As an OM if I saw a team member strike another with an OM even gently. They're off that equipment immediately. They're not going back on until a bunch of things are looked into. 

If during the investigation it was caused by horsing around of some sort I will push to term at that point.

If it was genuinely an accident than that person is going back through safety school and pit training and will not be operating equipment until I personally feel its safe. End of story.

That is 100% the policy and that's how it should be done.

If that stuff is happening it is a HUGE safety violation and you need to go report it to HR immediately. Partner with the Training OM and the Safety Manager as well. I'm sorry its frustrating but unfortunately not all leaders are going to follow the rules. But I would encourage you to do what you can and be vocal about it or it will not get better.


----------



## MoonlitSunset (Jun 26, 2021)

It really sucks because in all positions, theirs going to be someone who doesn't do their job. Honestly they should screen for vision alignment. If the person doesn't believe in the vision or have those types of standards and values that align with our "Joy" vision, then they shouldn't be working for Target. I fully believe in team work and doing whatever I can to make things (safely) run and support everyone around me to obtain the goals in place, and I know it's far, few and in between, but hey one can only hope right?! You're right.. we can only do what we can to be the light for everyone else. It just sucks working with people who don't have the same work ethic, or values.


----------



## Luck (Jun 30, 2021)

I was under the impression striking another TM was an instant termination or perhaps MAYBE a super-duper final if the hit TM swears its okay and they really really like the driver. 
Striking equipment is one thing but my building has had people lose limbs. We don't tolerate that.


----------



## Hal (Jul 1, 2021)

Luck said:


> I was under the impression striking another TM was an instant termination or perhaps MAYBE a super-duper final if the hit TM swears its okay and they really really like the driver.
> Striking equipment is one thing but my building has had people lose limbs. We don't tolerate that.


Minimum safety final.

OM in his building is either too new and didn't follow up like he was suppose to or his building is horribly off process.


----------



## 60SecondsRemaining (Jul 1, 2021)

I'm pretty sure any collision with _anything_ is instant drug-test and collision with another person is mandatory review to get fault and then termination.


----------



## Rastaman (Jul 1, 2021)

What's an OM? Can someone translate this for those of us from shoreside?


----------



## FrankM0421 (Jul 1, 2021)

Rastaman said:


> What's an OM? Can someone translate this for those of us from shoreside?

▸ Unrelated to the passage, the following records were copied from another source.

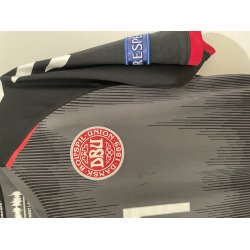 Danmark 2020 M�lmandstr�je. Kasper Schmeichel #1 (God) Medium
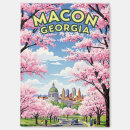 Recherche de coeur vintage magnets Travel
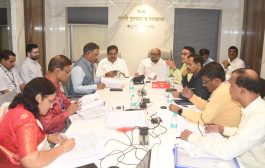 ग्रामीण भागात मागणीप्रमाणे पिण्याचे पाणी उपलब्ध करा – मंत्री गुलाबराव पाटील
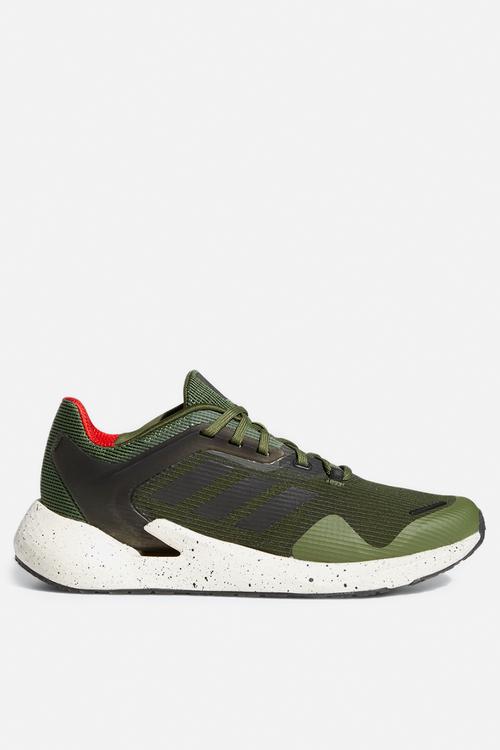 Alphatorsion m - wild pine/core black/vivid red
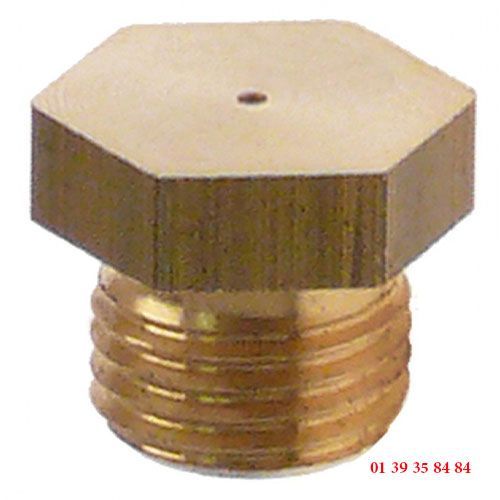 INJECTEUR Ø trou 1.6 mm  - ADAPTABLE ANGELO PO  ET GICAR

Operations Manager. The lowest level of management at the DC.


----------



## dcworker (Jul 2, 2021)

Rastaman said:


> What's an OM? Can someone translate this for those of us from shoreside?


OM team lead


----------



## Planosss enraged (Jul 2, 2021)

60SecondsRemaining said:


> I'm pretty sure any collision with _anything_ is instant drug-test and collision with another person is mandatory review to get fault and then termination.


That’s not how any of this works.


----------



## Luck (Jul 7, 2021)

60SecondsRemaining said:


> I'm pretty sure any collision with _anything_ is instant drug-test and collision with another person is mandatory review to get fault and then termination.

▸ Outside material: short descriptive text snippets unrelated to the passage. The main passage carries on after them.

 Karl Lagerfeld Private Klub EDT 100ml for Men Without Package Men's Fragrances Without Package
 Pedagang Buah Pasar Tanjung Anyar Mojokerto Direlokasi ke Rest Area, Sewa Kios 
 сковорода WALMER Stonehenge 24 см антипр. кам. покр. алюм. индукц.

Collision with property is based on monetary damage. Anything over $2k requires a drug test and re certification on the equipment by a trainer.
Under that value it is up to the OM, usually its just a coaching.


----------



## 60SecondsRemaining (Jul 7, 2021)

Luck said:


> Collision with property is based on monetary damage. Anything over $2k requires a drug test and re certification on the equipment by a trainer.
> Under that value it is up to the OM, usually its just a coaching.


Interesting.

I witnessed quite a few in my time (at least 20) and it was always drug test.


----------



## Hal (Jul 13, 2021)

dcworker said:


> OM team lead


OM is an ETL. Both are level 5s. Team Leads are = to Lead Warehouse Workers. Leadership roles for DC to Store don't exactly translate the same.

Collision with anything is not instant drug test. It does immediately take you off equipment for the day and requires mandatory equipment recert on the next shift.

Damage threshold is 200 dollars not 2k. Just had a PIT incident yesterday I had do an investigation on. Colliding with a person however depends on intent (accident, horseplay etc) and whether or not there's an injury but should always end on a corrective action minimum.


----------



## Dcnewb4now (Jul 14, 2021)

Hal said:


> OM is an ETL. Both are level 5s. Team Leads are = to Lead Warehouse Workers. Leadership roles for DC to Store don't exactly translate the same.
> 
> Collision with anything is not instant drug test. It does immediately take you off equipment for the day and requires mandatory equipment recert on the next shift.
> 
> Damage threshold is 200 dollars not 2k. Just had a PIT incident yesterday I had do an investigation on. Colliding with a person however depends on intent (accident, horseplay etc) and whether or not there's an injury but should always end on a corrective action minimum.


Not necessarily off equipment for the day. I was in on ot and a new girl hit another sp and you could hear it aisles away. She said she just scraped the outrigger while passing and that was enough for the lww and om. There is no way that was the case based solely on the sound.


----------



## targetdude1 (Jul 29, 2021)

Luck said:


> Collision with property is based on monetary damage. Anything over $2k requires a drug test and re certification on the equipment by a trainer.
> Under that value it is up to the OM, usually its just a coaching.




but as usual they waive the rules whenever they want, had a teammate, somewhat new but not brand new or anything, smash into a rack HARD. Had to be well over 200 damage, and probably even over 2k. It was bad. The TM didn't know what to do, did not report it, parked their equipment back at startup and went home sick without telling anyone what happened.

Can you imagine? The accident bad enough, but then not reporting at all on top of it? With all this BS about safety focus? You'd think instant termination.

The next day they were grilling everybody when they found the tore up OP because they had no idea who did it, until they eventually discovered the culprit. Nothing happened to the TM. Nothing. Not even a writeup. Why, I dunno, because the OM liked TM and for whatever reason that day the Senior felt kind too I guess.

I've also heard of other favorites that hit things and were not drug tested in direct contradiction of policy. This TM hit many things on powered equipment and I think once they went on final, management simply was not going to fire them, so a lot of incidents went by the wayside after. Supposedly even a lot of inbound TM's (this was in IB) complained to HR about that one.


----------